Die Musik der 1985 geborenen schwedischen Komponistin Lisa Streich ist klanglich und dramaturgisch subtil und fesselt gerade darum umso mehr. Häufig arbeitet sie mit traditionellen Instrumenten, die durch kleine selbstgebaute motorisierte Geräte präpariert oder modifiziert werden. Wenn ich ihre Stücke höre, habe ich manchmal das Gefühl, auf Molekülgröße geschrumpft zu sein und im Innern einer Spieluhr zu sitzen, in der sich die Geräusche der Mechanik mit zerbrechlichen und dennoch klaren Tönen zu einem beunruhigenden und berührenden Ganzen verbinden. 2017 gewann Streich den renommierten Ernst von Siemens Musikpreis und zwei Jahre später den RicordiLab-Preis für junge Komponist:innen, der ihr trotz ihres anfänglichen Widerwillens, den »dünnen, schönen« Look ihrer Partituren zu verändern, mehr Zeit für konzentriertes Arbeiten gab. Sie lebt mit ihren drei Kindern auf der schwedischen Insel Gotland, wo ich sie nachmittags per Videochat erreiche. 
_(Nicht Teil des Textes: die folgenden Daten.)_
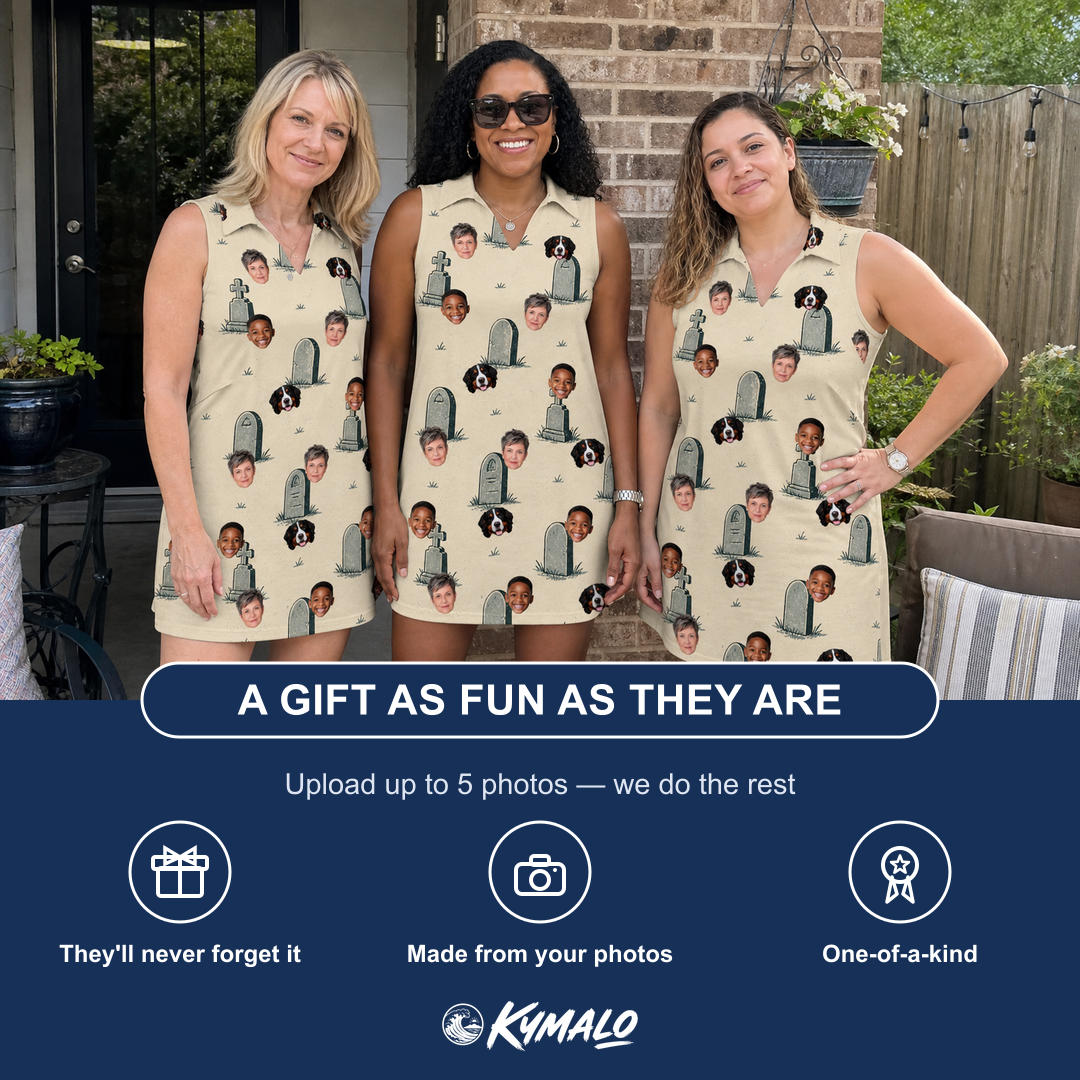 Friends in matching Women's Die Laughing Custom Face V-Neck Dress — a group gift photo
VAN: Wir saßen 2008 zusammen im Gehörbildungsunterricht am Mozarteum in Salzburg. Wie hast du danach gelernt, mikrotonal zu hören? In deinen Stücken arbeitest du ja mit sehr kleinen Intervallen, zum Beispiel Achteltönen.  

Lisa Streich: Ich glaube, das passiert einfach, wenn man viel mit ihnen arbeitet. Ich habe nie superexakt gehört, aber wenn ich das jetzt jeden Tag mache, fühlt es sich sehr natürlich an. 
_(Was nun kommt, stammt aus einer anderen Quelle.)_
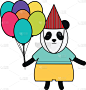 可爱的,熊,生日,熊猫,氦,气球,泰迪熊,周年纪念,问候,爱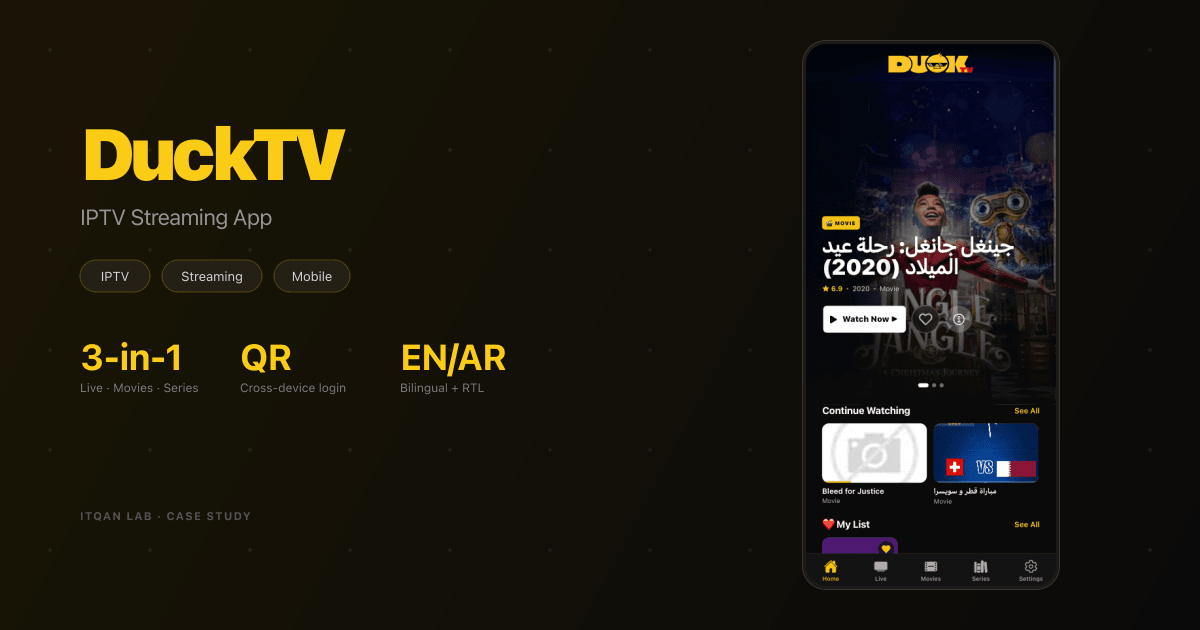 DuckTV — A Cross-Platform IPTV Streaming App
Ein Aspekt, der mir an deiner Musik besonders gefällt, ist die Mischung aus Tönen und geräuschhaften Klängen. Sowas lernt man nicht aus irgendwelchen Instrumentations-Standardwerken … 

In meiner Musik gibt es eigentlich gar nicht so viele Geräusche. Es ist eher so, dass ich mit spektralen Akkorden arbeite und die am Ende dann geräuschhaft klingen. Um diese Akkorde zu schaffen, suche ich auf Youtube Aufnahmen von Amateurchören, also welchen, die nicht perfekt sind. Ich suche nach der besonderen Klangfarbe, Fehlern im Akkord. Dann mach ich von diesen Akkorden eine spektrale Analyse und bekomme so die Spektogramme, in denen ich dann sehen kann, welche Töne am lautesten sind. Die mache ich in meinen Werken dann noch lauter. Ich ziehe das heraus, was ich am interessantesten finde.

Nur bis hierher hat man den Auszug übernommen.